Perhaps the hon. Lady will allow me to make this observation. I think it will appeal to her sense of justice. I have never sneered at the Korean war or any other war, and I think it is unfortunate that she should have made this observation and attached it to me on Anzac day, considering that I fought in Gallipoli.

Miss Burton

I am sorry; I intend no disrespect. I did not fight in Gallipoli. But I really must say—I think I am in the recollection of the House—that it was the noble Lord who rose to interrupt me and not I who interrupted him.

Now may I return to the subject of cheese? It seems to me, not being a lawyer, that there is a quite simple fact which the Opposition seem unable to grasp, and that is that whether they think the Government should have provided more cheese or whether they think the Government should provide more cheese in the future, the plain fact is that the cheese is not available at the moment. Even the Gilbert and Sullivan antics of the Opposition seem not to have found one except by raising this matter again tonight.

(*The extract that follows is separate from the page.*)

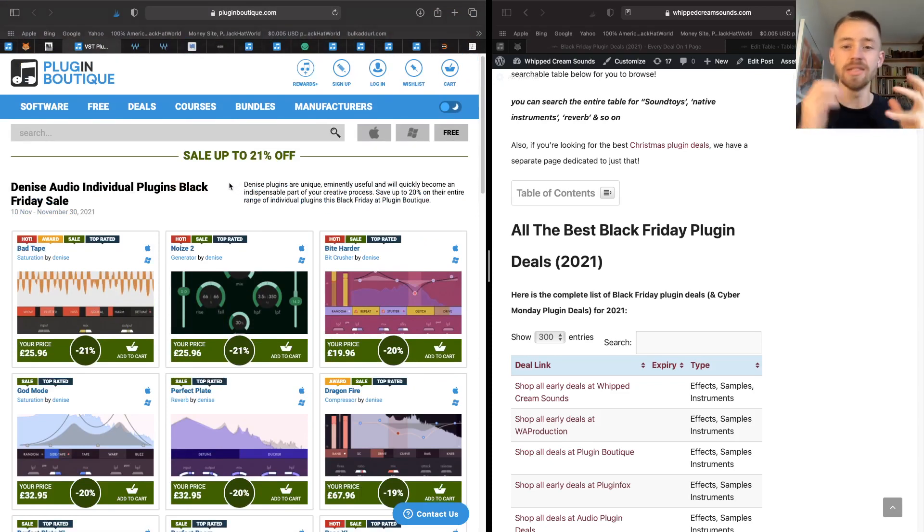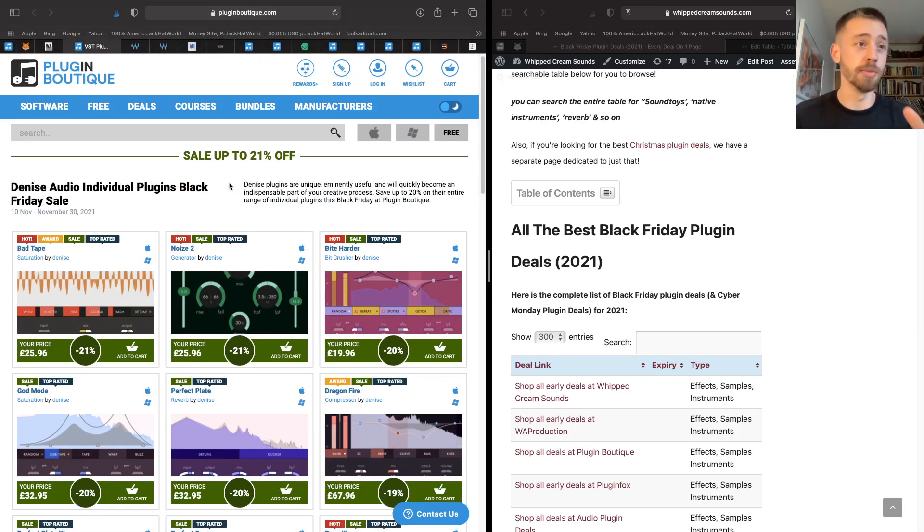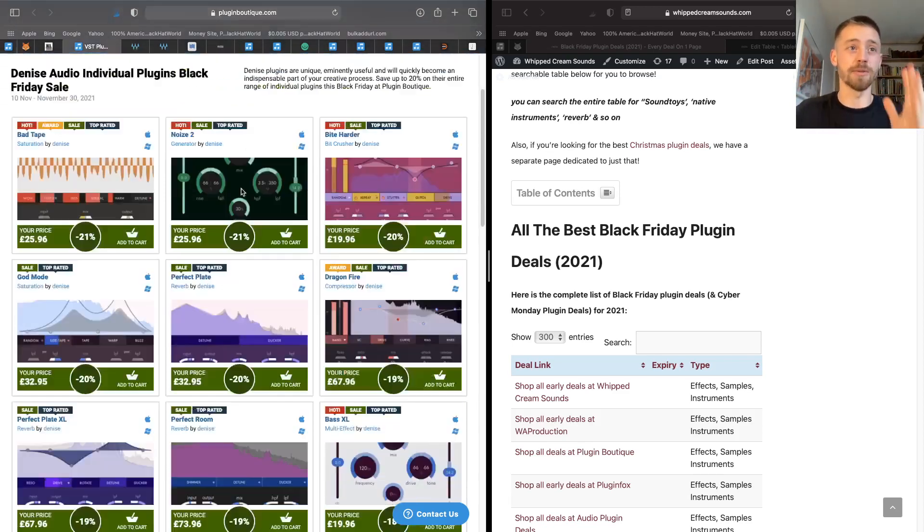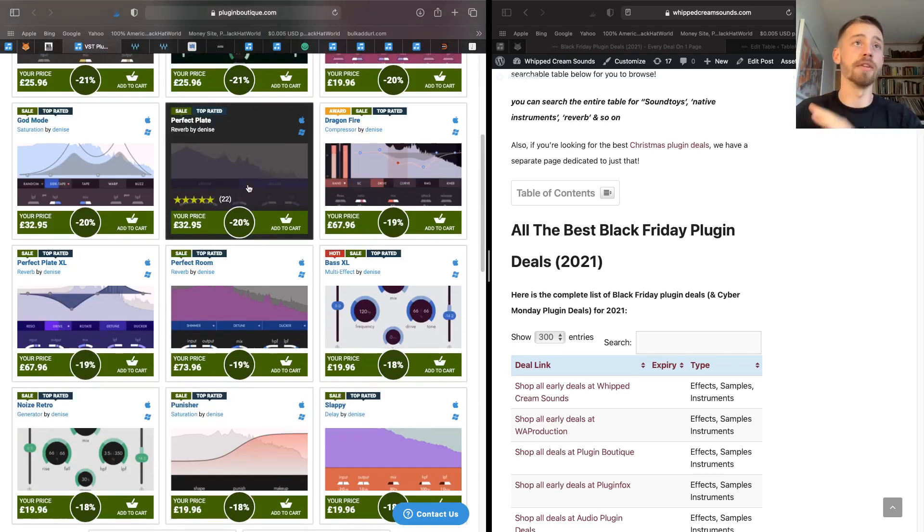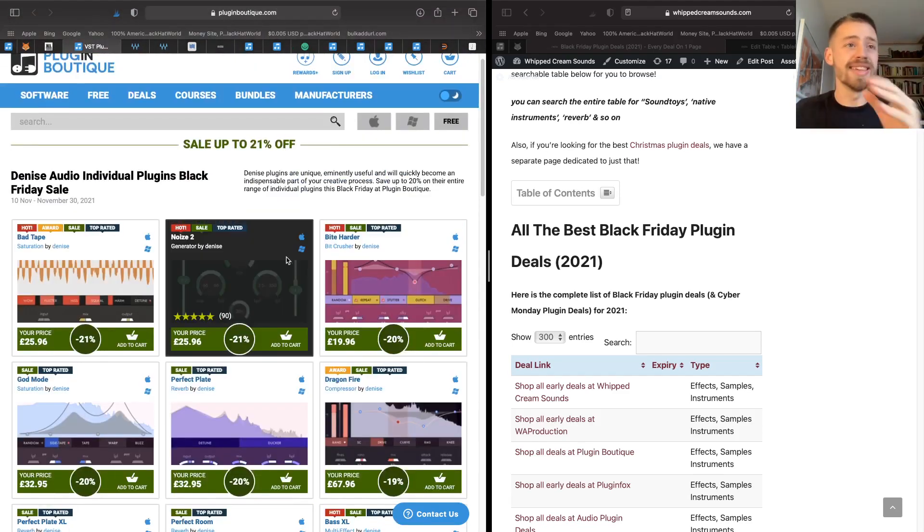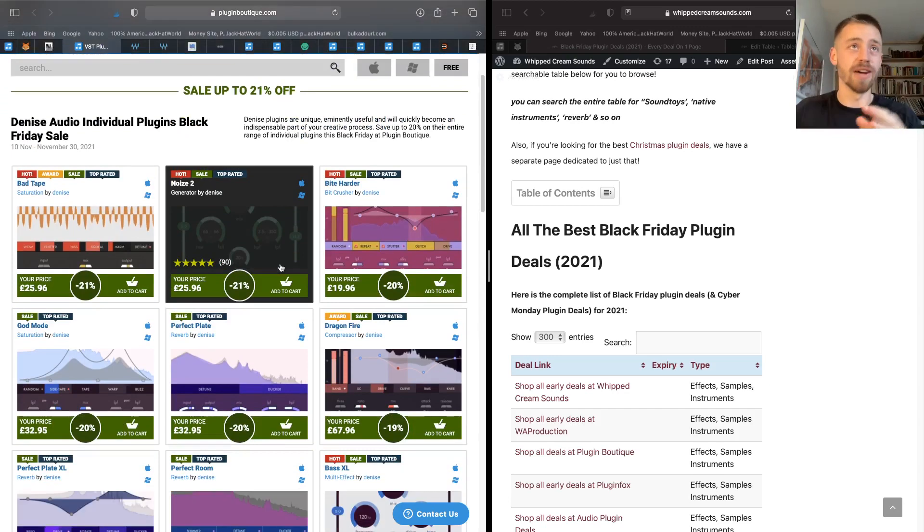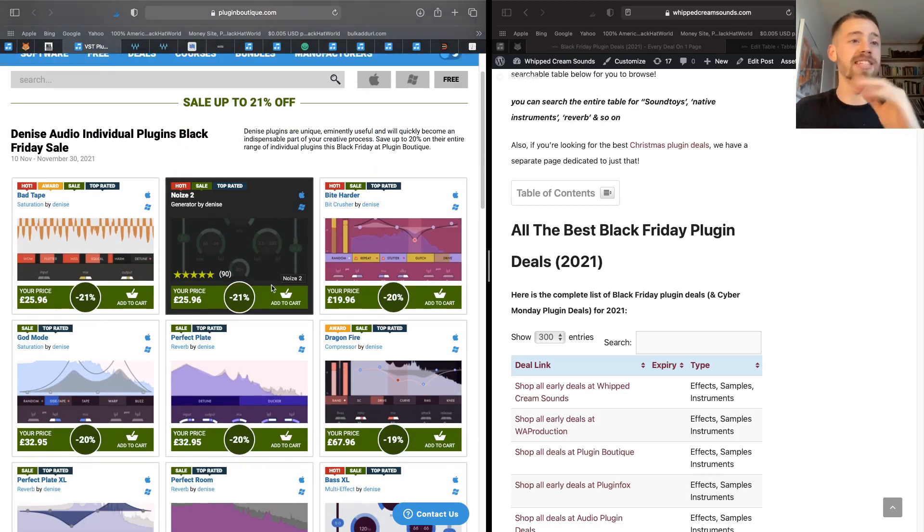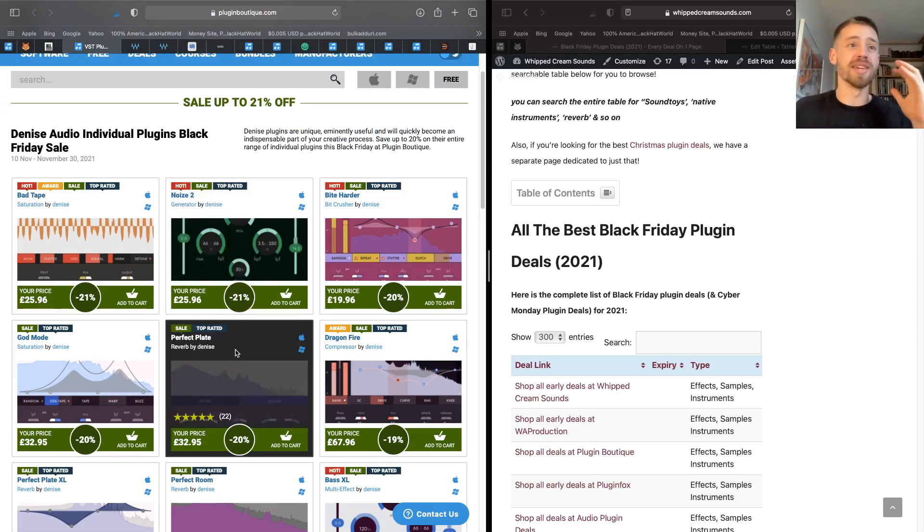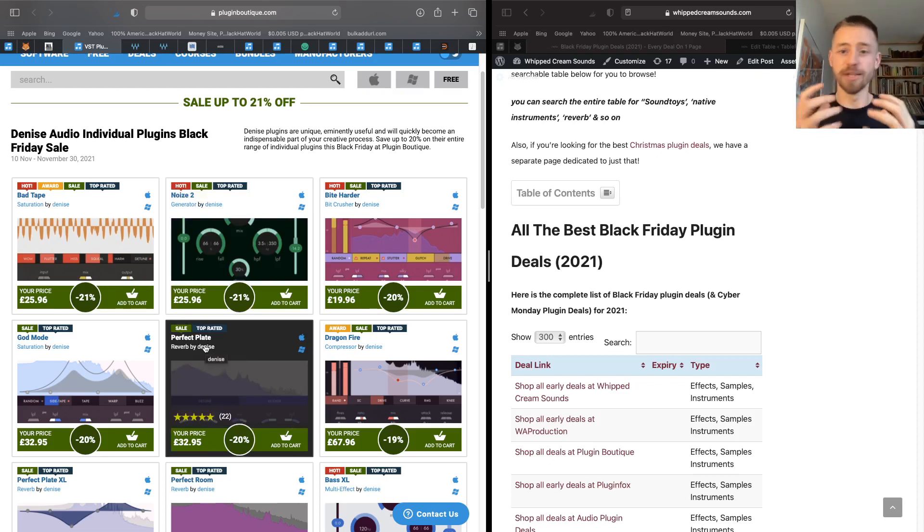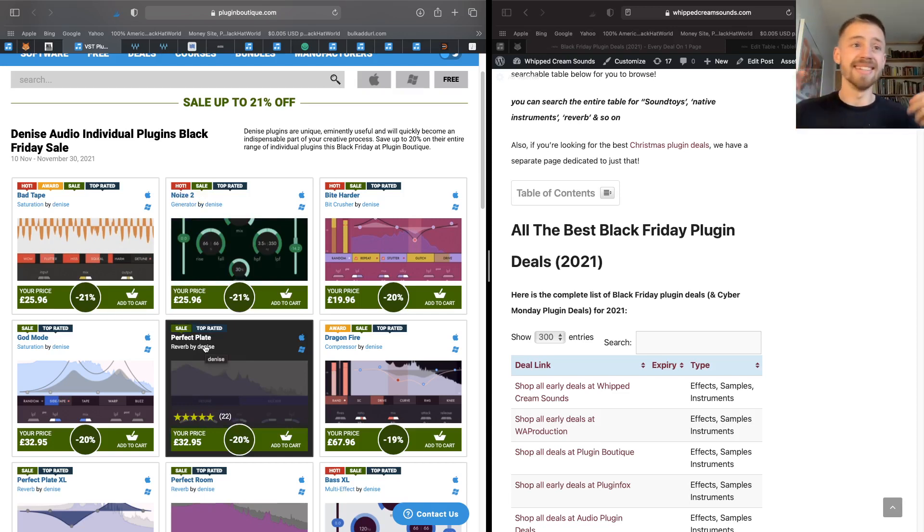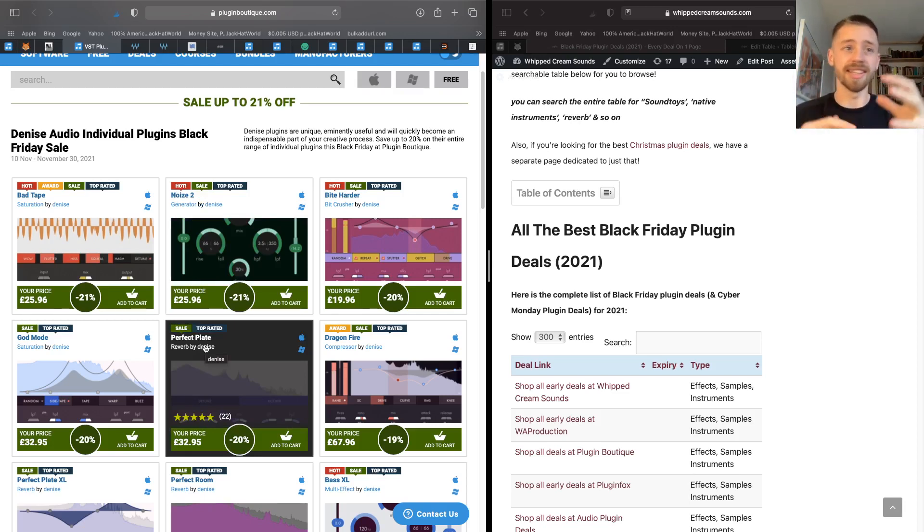This is number one on my list because Denise Audio are incredible. They make some of the best effects plugins that I have used personally and everything is on sale over on Plugin Boutique and Denise Audio for 21% off right now. You can get stuff like Perfect Plate, which literally is a perfect plate reverb. It sounds amazing.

How do they suggest that more cheese should be given to the people than is actually in the country at present? I think it is time that a housewife with a modicum of commonsense told the Opposition that this sort of stuff will do them a great deal of harm in the country.

10.40 p.m.

Mr. Turton (Thirsk and Malton)

The hon. Member for Coventry, South (Miss Burton), has been enjoying herself tonight, but she has neglected the main argument. The housewives of the country will see that this ration is now being reduced to an amount lower than the average that working-class families were consuming in 1937 and 1938, as the inquiry into household consumption in those years reveals. The Minister of Food shakes his head, but there is no need to shake his head. That is a fact laid down in the report of that inquiry, and either he must challenge that inquiry or accept the fact.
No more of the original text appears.